Kuwait has a good road system. All signs are in English and Arabic. The major north-south roads are effectively freeways numbered Expressway 30, 40, etc. These are traversed by increasingly widely spaced ring roads named First, Second, etc., making navigation fairly easy.
Using Google Maps for navigation is a good option, as it offers traffic and roads, and all major destinations. However, if you need to find a location using its address (which you probably won’t need to). Google Maps will even give you wrong address for your current location and places. This is due to how Kuwait addresses work mixed with lack of proper support of Kuwait subdivisions in Google Maps platform. Areas are labelled as neighbourhoods and blocks as sub-neighbourhoods. For example, if you are in Street 1, block 1, Jabriya, your address will appear as Street 1, Kuwait City (since it is the only city in Kuwait, and neighbourhoods aren’t supposed to be included in addresses). So if you intend to go/find a place using its address, make sure you install the free and easy-to-use official Kuwait Finder GIS system on your phone from its apps market.
BY PUBLIC TRANSPORT:
Kuwait’s public transport is adequate with three companies (KPTC, City Bus and KGL) running dozens of routes in every major city. Waiting times for buses range from one minute for most frequent routes to 1 hour minutes for less used routes. All buses are equipped with air-conditioners and usually one can find a seat without much trouble. Although, during peak hours (7-9AM, 2-4PM, 8-9PM) most routes are packed and public transport should be avoided for those seeking comfortable travelling. Although areas with expatriates majority are covered with many routes, Kuwaiti residence areas are scarcely connected with public transport buses and are reachable mostly by taxis only.

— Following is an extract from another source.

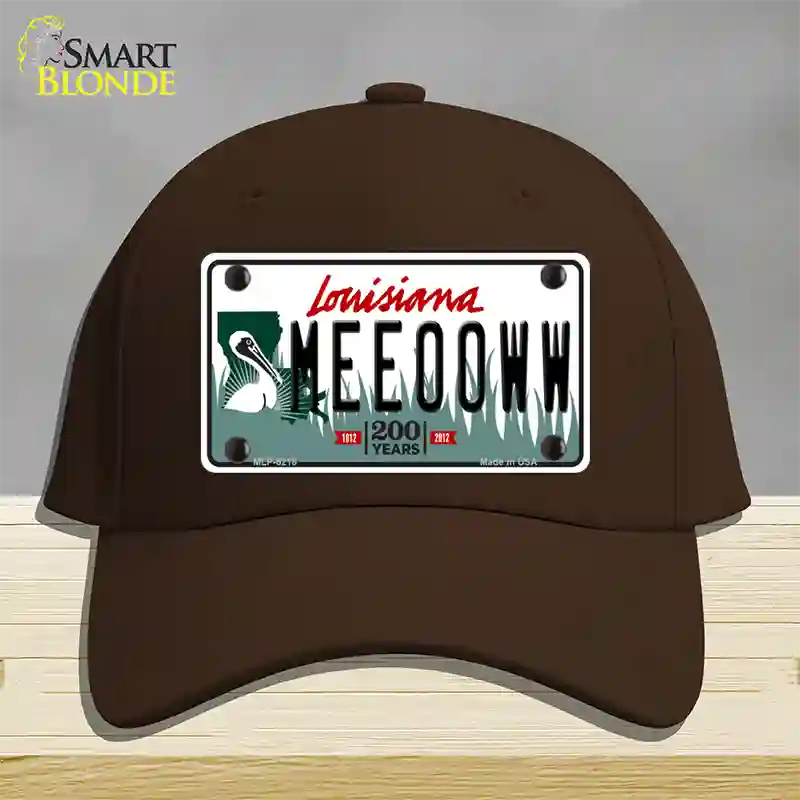 Meeooww Louisiana Novelty License Plate Hat Cotton / Dark Brown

Bus nr 500 runs to Abdaly – a village in the north on the border with Iraq. It departs every 3 hours (6AM, 9AM, etc.) from KPTC bust station in Hassawi.

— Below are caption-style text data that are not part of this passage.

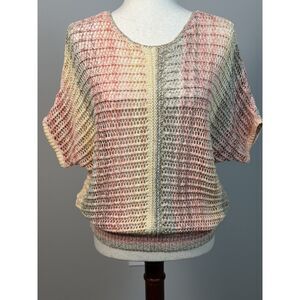 Chico’s Marlene Open Knit Summer Sweater Size 0 Pink Cream Coastal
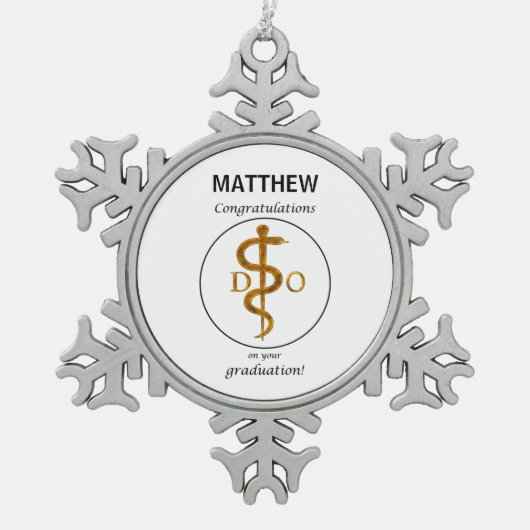 骨障害医師の卒業祝辞 スノーフレークピューターオーナメント (正面)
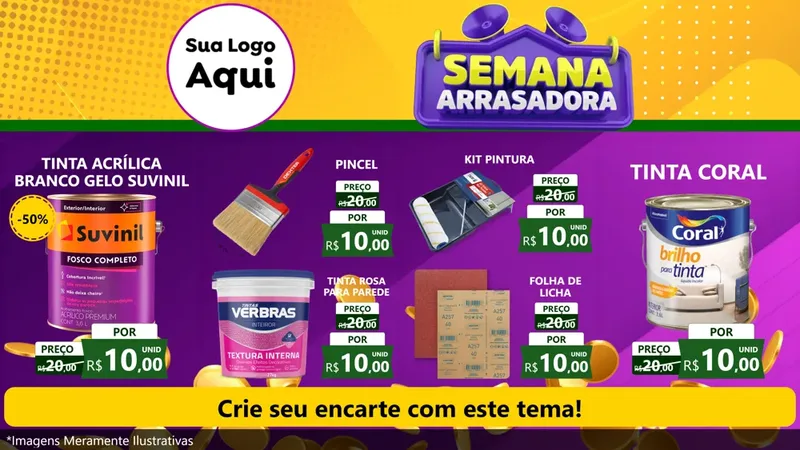 Modelo de TV para TV Horizontal com o tema Semana Arrasadora para Tintas e Ferramentas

These are recognisable by orange licence plates and may be hired by the day, in which case fares should be agreed beforehand. Although most taxis have meters these are rarely used as in practice, meters are always “broken”, covered, missing or just ignored, and you’ll need to agree on fares in advance. Beware that cabbies will often ask for ridiculous prices. Share-taxis are also available. Hailing taxis from the road is the most practical approach. However some sources have reported it was not advisable, particularly for females, and they recommend that taxis are booked in advance by telephone from a reputable taxi company. The cream-colored taxis are the cheapest, but also likely to be poorly maintained and possibly dangerously so, considering the general speed and size of the rest of the vehicles on Kuwaiti roads.

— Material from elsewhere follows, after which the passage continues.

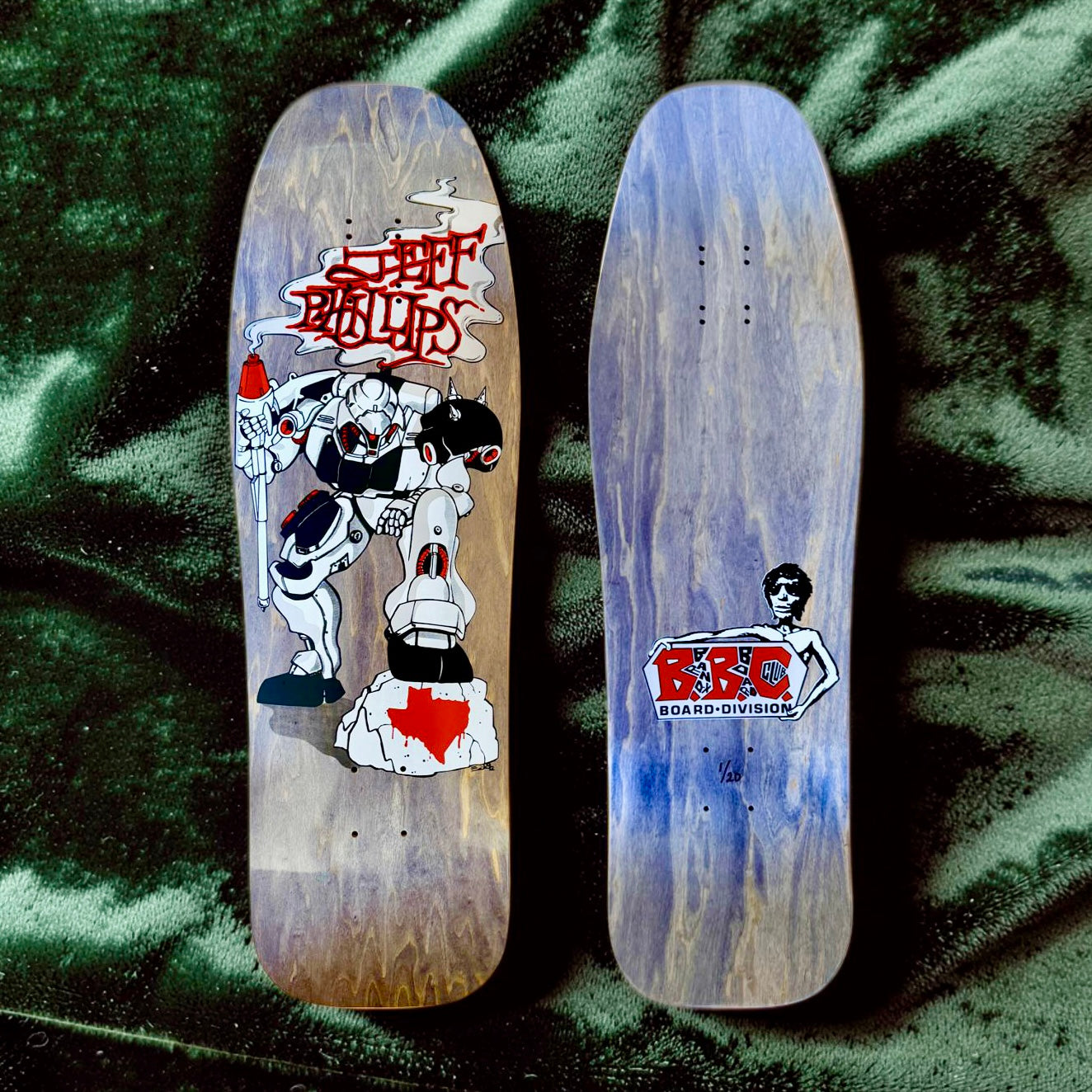 Jeff Phillips BBC Gundam Limited Edition, HAND-PAINTED Deck (1 of 20) (SHIPPING BEGINS MONDAY)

A standard rate is applicable in most taxis, but those at hotel ranks are more expensive. Naive westerners routinely pay 2 to 5 times more than the standard rates which are typically KD 0.500 for up to a 5 minute ride plus about KD 0.100 per minute thereafter. The only exception being airport departures which are approximately KD 3. Tipping is not expected, however you should negotiate fares before boarding the taxi. It is customary to collect all baggage and exit the taxi before offering payment to avoid conflicts or loss of personal property should a taxi driver demand more than the agreed price after arriving at the destination. This way, the passenger can drop the money in the seat and walk away if necessary.
It is common to share a taxi (which is often an unofficial taxi or a private car) from bus stations to more remote destinations such as Abdaly on Iraq border. Taxi drivers often wait until the car fills up with passengers and this may take an hour. Expect to pay KD 2-3 for the shared taxi with 3-4 other passengers. Do not agree to pay more. If the driver refuses, just wait a couple of minutes for another driver.
BY HIRE CAR:
Self-drive is available. If you produce an International Driving Permit, the rental company will, at the customer’s expense, be able to arrange the statutory temporary insurance, which is drawn on the driver’s visa. If you arrive at Kuwait International Airport, you will find the car hiring companies located at your left after you exit from the baggage claiming area. You can find international companies such as Avis and Budget among others.
However, driving in Kuwait, especially for those new to driving in the country, can be extremely chaotic and frightening. Turn signals and lane divisions are effectively optional, speeding and aggressive driving is commonplace, and there is little active enforcement of traffic laws. This is especially true for Kuwait city. Driving outside the city, you may have three lanes almost to yourself as there is little traffic.
A law has been passed to disallow the use of cell phones while driving (including voice calls and text messaging or SMS.) If driving, ensure you keep out of the left hand “fast” lane unless you are very relaxed about large 4-wheel drive vehicles tailgating you.
If involved in a car accident, do not attempt to move your car until police arrive and have made a report or you will be arrested.
Hiring a car may be a good (the only?) opportunity to experience the desert, the coast and the oilfields.
Prices are comparable to hiring a car in European countries, e.g. KD 10 for a small two door japanese made car, 4WD and american made sports cars may cost around KD 25. Petrol costs KD 0.1 per litre, gas stations are plenty.